PostgreSQL Write-Ahead Log
Every change to a PostgreSQL database — every INSERT, UPDATE, DELETE, every page split,
every catalog change — is first written to the Write-Ahead Log before the corresponding
data page is modified. The WAL is the source of truth for crash recovery, the substrate
for streaming replication, the source of physical backups via pg_basebackup,
and the substrate for logical decoding (CDC). It lives as a stream of 16 MB files in
pg_wal/, organized by 64-bit Log Sequence Numbers (LSNs). This page traces
the WAL from a single backend's XLogInsert through the wal_writer, the
checkpointer, archiving, streaming to replicas, and logical decoding for change data
capture.
WAL Pipeline
Key Numbers
Why a WAL
WAL Records and the LSN
Every change is a record; every record has a position.
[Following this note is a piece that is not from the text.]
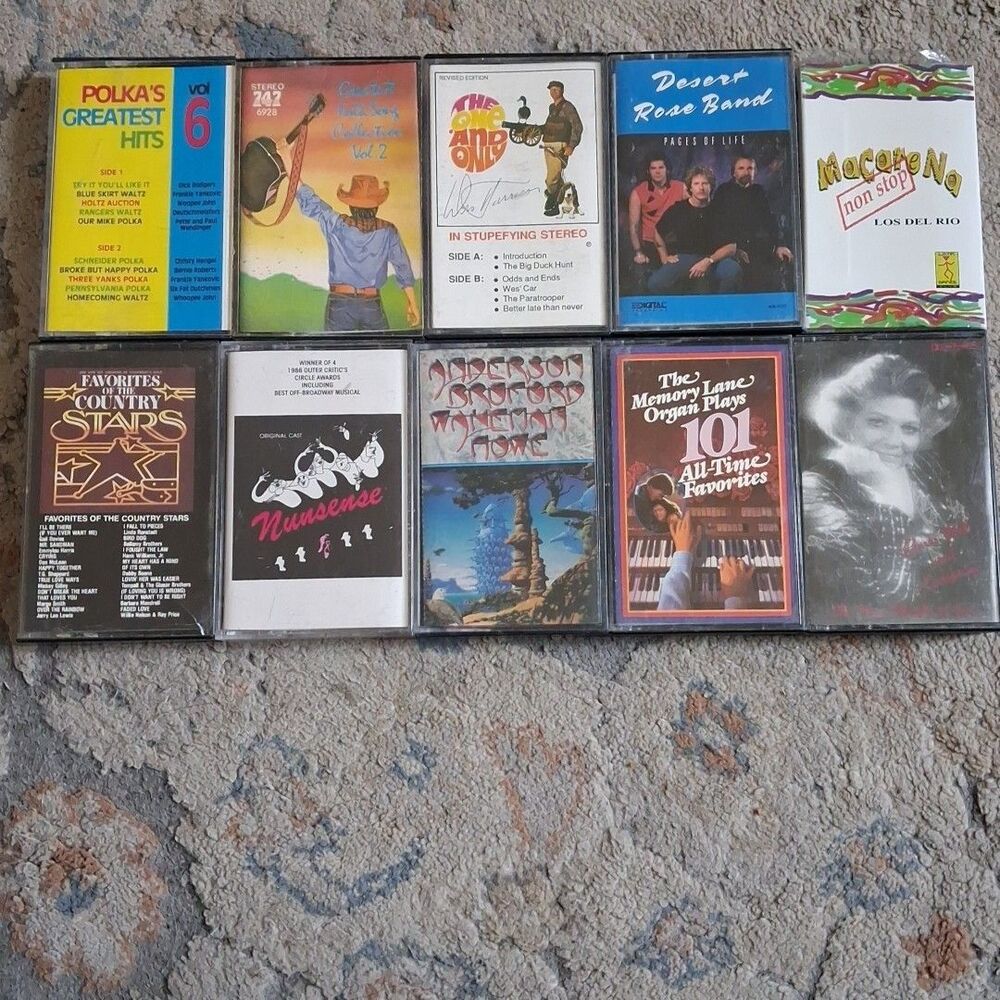 10 Rare Eclectic Cassettes Polka Folk Wes Harrison Original Cast Pop Lot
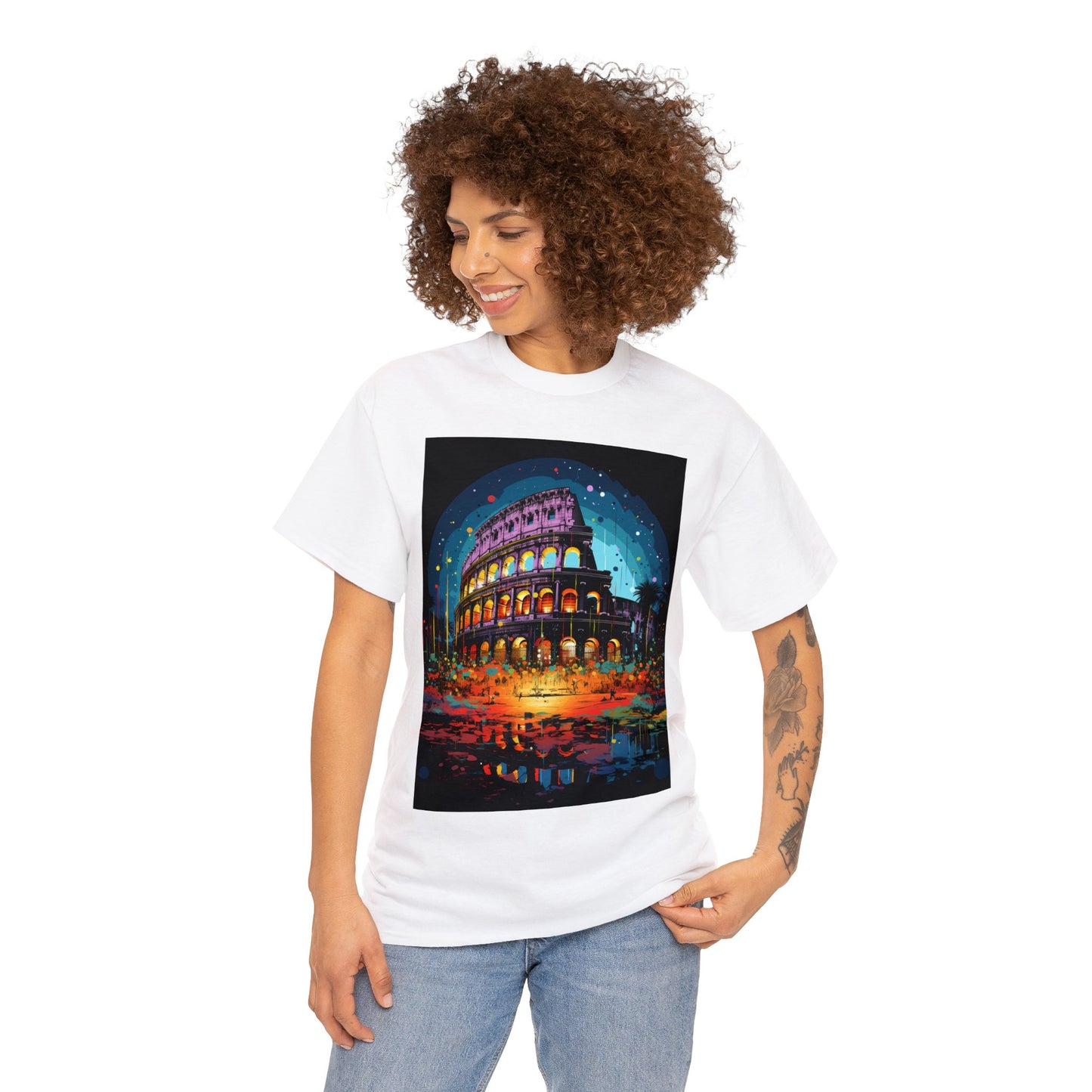 Luminous Cityscape - Unisex Heavy Cotton Tee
A WAL record is a self-contained unit describing one logical change. The header includes:
XLogRecord (24 bytes): uint32 xl_tot_len - total record length TransactionId xl_xid - transaction this record belongs to XLogRecPtr xl_prev - LSN of the previous record (chain) uint8 xl_info - flags (commit, abort, info bits) RmgrId xl_rmid - resource manager (heap, btree, hash, …) pg_crc32c xl_crc - CRC of the record
Each resource manager defines its own record types. Heap manages: HEAP_INSERT, HEAP_UPDATE, HEAP_DELETE, HEAP_LOCK. Btree: BTREE_INSERT_LEAF, BTREE_SPLIT, BTREE_DELETE. Transaction commit/abort: XLOG_XACT_COMMIT, XLOG_XACT_ABORT. Each carries type-specific data needed to redo the change during replay.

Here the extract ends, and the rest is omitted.